O sea, perdés aquel adolescente, o en algunos casos en los poetas, aquél niño en el que está la verdadera patria, sobre todo en los escritores. Esa mirada que tiene el chico frente a lo real, que es una mirada de perpetuo asombro y descubrimiento perpetuo, es la mirada que Platón le pedía al filósofo, y los filósofos son hombres que se paran frente a la realidad como si la realidad acabara de nacer, vale decir como si la tuviera que descubrir permanentemente, esa es la mirada de un chico. Y Jaspers, en un libro que se llama Qué es la filosofía, habla justamente de eso; las preguntas esenciales son las que nos hacemos en la niñez. Los poetas conservan esa niñez toda su vida, lo que no quiere decir ni que sean estúpidos ni que sean infantiles, estoy hablando de algo mucho más profundo que eso, y el escritor, sin duda, conserva esa mirada de adolescente frente a lo real, frente al amor, frente a la amistad, frente a la guerra, frente a la libertad, frente a lo comunitario, que es la mirada de su adolescencia, que le permitía leer ciertos libros que después cuando es grande tiene tendencia a pensar “bueno? son lecturas adolescentes”, cuando es grande e idiota.  Entonces, entre los diez y los veinte años yo creo que nos ocurre todo. Y hay que tener mucho cuidado de conservar esa manera en que nos ocurren las cosas, entre los diez y los veinte años para poder llegar a lo que los antiguos llamaban una persona de bien. 

Mientras vos hablabas me sentí identificado porque a Hermann Hesse lo leí cuando tenía veinte años y lo volví a leer a los cuarenta, y tuve la misma sensación mágica de haber leído el Lobo estepario.
Es muy bueno que te ocurra eso. Yo recuerdo cuando leía el Lobo estepario, tenía dieciséis o diecisiete, acababa de salir recién la edición en castellano, y yo me sentía totalmente identificado con Harry Hallen, con ese tipo con esas dos personalidades tan marcadas, porque llevo ese lobo dentro y muchos otros animales, como dice Hermann Hesse. Mucho tiempo después volví a leerlo. Seguí fascinado con la lectura del Lobo estepario en cuanto a la literatura, pero pensé cómo puede ser que a los dieciséis años me identificara con ese hombre que tiene cincuenta, porque uno ni se da cuenta en la adolescencia, y está lleno de dolores físicos, que dice que acaba de tomar unos polvillos para engañar el cuerpo, y tiene los dolores de un adulto, además de la experiencia de un adulto, aparte Hermann Hesse, un hombre de una capacidad intelectual en Alemania dentro de la literatura la podés comparar únicamente con la de Thomas Mann.
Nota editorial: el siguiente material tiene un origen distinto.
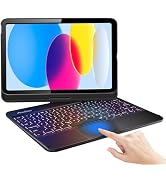 ProCase 360° iPad (A16) 11th / iPad 10th Gen Trackpad Keyboard Case, Black | 7 Color Backlit Keyb...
Sin embargo, a los dieciséis, diecisiete, lo podías entender perfectamente, y hasta te podías sentir identificado con ese hombre de cincuenta, ¿cómo puede ser? Es porque el adolescente en realidad es capaz de eso, o cierto tipo de adolescente. Luego pasa el tiempo, lo leés a los cuarenta o a los cincuenta, y pueden ocurrir dos cosas: lo que le pasa a él, que sigue sintiéndose identificado, y deslumbrado por Lobo Estepario, o lo que no los entienden más y piensan “bueno, esto es literatura, no se puede vivir con toda la realidad”, o “no hay que tomarse las cosas tan en serio, al fin de cuentas cuando llega el fin de mes la poesía se va para los tarros”, y todo eso es la verdadera mentira del mundo real. Hay ejemplos a raudales de que se puede ser un adolescente casi infinito, uno de ellos es Bertrand Russell. Tenía noventa y tantos años y seguía siendo uno de los hombres más inteligentes del mundo, y tenía la misma actitud frente al mundo real. Es decir, estar descubriéndolo a cada momento y estar cuestionándolo a cada momento. 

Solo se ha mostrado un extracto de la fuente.